The north was in charge of food in that country and they did a good job supplying the country. Problems started when government started paying too much attention to oil and less on farming.
So, yeah!! Ask him why he lied to you.
By the way, It was not just peanuts that came from the north back then. Wheat, Sorghum, Rice, Tomatoes, Onions, Yam, Cheese etc came from the northern states back then.
I didn't realise that southerners received free food allocation from the north in the past and my papa had the effrontery to complain about cost of yam and co. Thanx for exposing him; now , I need to ask him why he lied that he was paying for all those onions that came from the north when he received them free of charge.
On the other hand, if he was paying for the food stuff he bought; should he give special thanx to the trader who just took his money off him in exchange for food stuff ? Or maybe, next time he should just buy from the Cameroonian who realises the importance of his custom .
Very, very funny, the reason they stacked the pyramids that high was because the bloody things weren't selling quickly. On the subject of contributions pre oil boom. The south has always outperformed the north hands down because the cash crops planted in south namely palm oil, cocoa, rubber & palm kernel oil always fetched more than groundnuts on the international market.
So can we please stop peddling this nonsense about groundnut pyramids.
Lets assume that this assumption of the north being the food basket of the nation is correct and not propaganda like 'giant of africa', the north didn't give this food away free. The south worked hard and BOUGHT this food. It was not an act of charity nor was it the dependency / parasite syndrome that is currently being exhibited.
May be una food come from the north but my starch, banga soup and fresh fish nah Delta e come from!
A civil war is the reason why it is not possible for the south . but there are other reason. Some ethnics group in the southern niger benue of nigeria may not want to go with the igbos too. alot of southerner do not trust the igbos.
But it is possible for the Yorubas, edo, delta and bayelsa to leave. because majority of northerner would approve it to make themself majority and have 70% of the oil.
something occurs to me while reading this post.
IF THE OIL IS IN THE NORTH, WHAT DO YOU THINK THE NORTH WOULD HAVE DONE?
I personally think they would have asked all of us to become muslim, they would impose sharia Law and tell us down south what they are willing to offer us, and we can either take or leave it, or even they don't want us to be part of Nigeria, espeially if they also have the sea.
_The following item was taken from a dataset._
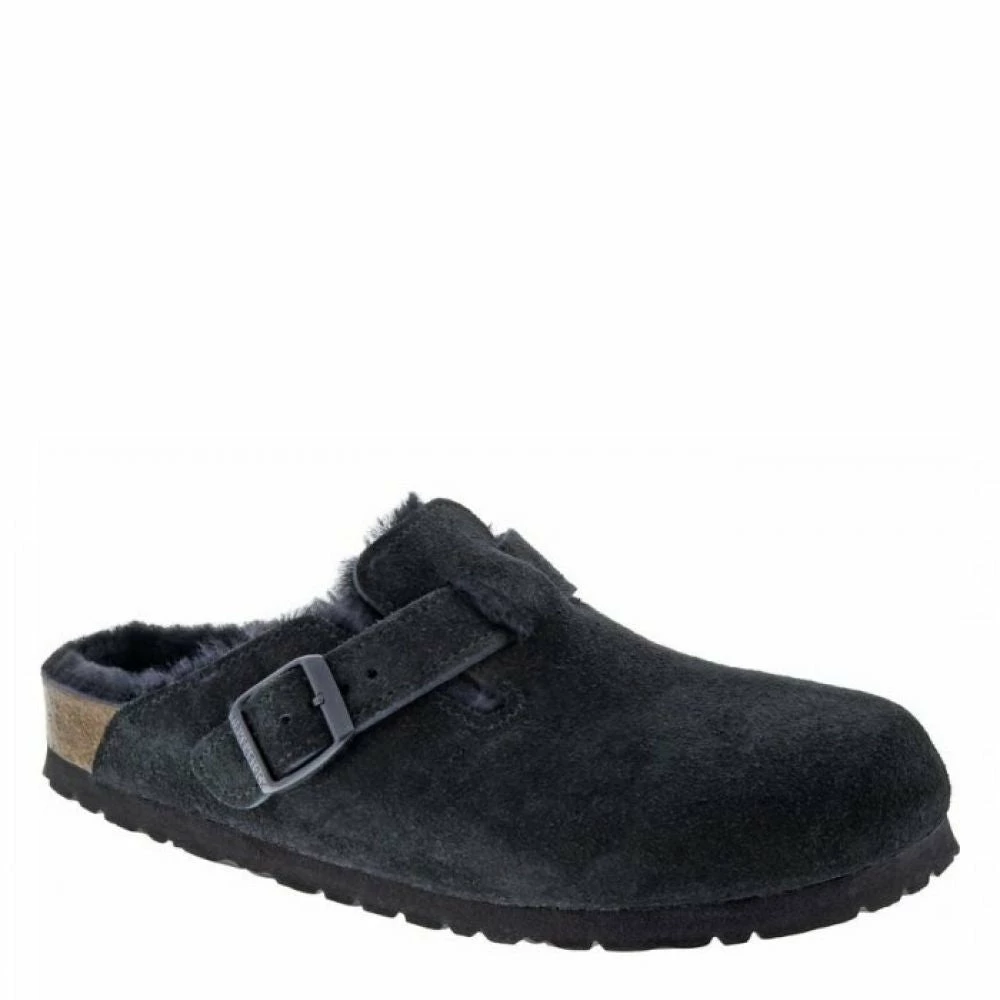 Birkenstock Boston Shearling Suede Leather In Black (Narrow Width) - Image 2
Shame that we can't find out as it is the south that have the blessing or 'curse' (if you prefer to call it that) of having the oil and the sea.
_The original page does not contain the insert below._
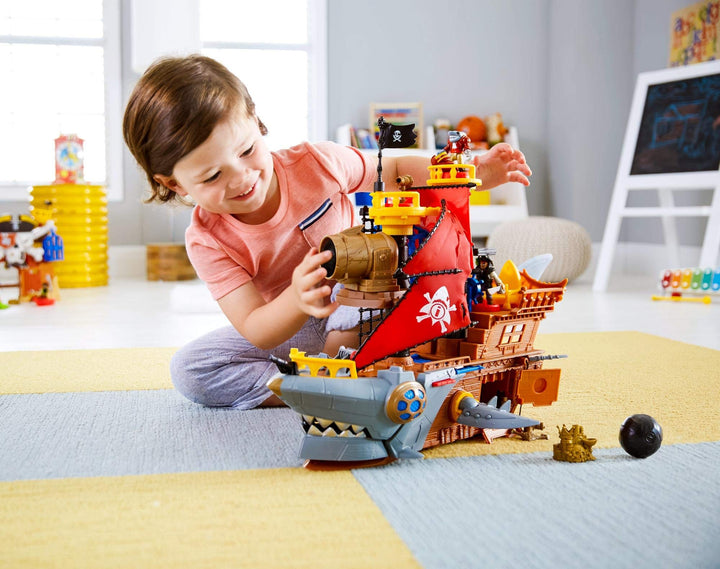Imaginext Shark Bite Pirate Ship, Playset with Pirate Figures and Accessories for Preschool Kids Ages 3 to 8 Years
I am sorry to say, that the Leadership being provided by the North and the Army, and their southern cronies/accomplices is pathetic and frankly disgraceful.
I will like to hear Nairaland opinions on IF SHOES WERE ON THE OTHER SIDE- AS IN OIL AND SEA IN THE NORTH WITH THEM HAVING BETTER EDUCATION!
OVER TO YOU GUYS AND GALS
Oil, and the North is afraid of becoming an impoverished, land locked desertified hellhole.
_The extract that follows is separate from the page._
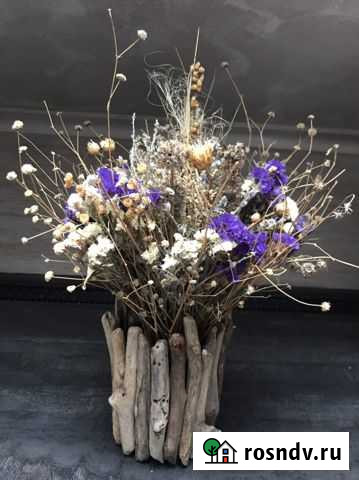 Кашпо из дерева с букетом сухоцветов Севастополь - изображение 1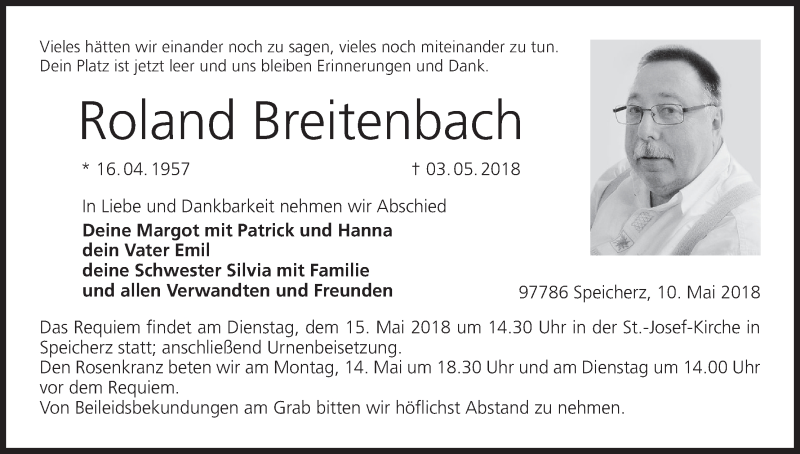  Traueranzeige für Roland Breitenbach vom 10.05.2018 aus MGO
For what its worth, we are smart people (Nigerians), as Nigeria continues to democratically develop, we can use the North to extract much $$$ from the Arabs.
The north will become a cash cow for us, give it 20 years.
2 Words, OIL & GAS. - The petroleum in the south south produces 95% of the nations revenue.
All this stuff about constitution is mere lip service. With the current agitation, revenues have already fallen by 50%.
With regionalisation and resource control, there will be no need for the split, Nigeria will need to embrace economic diversification.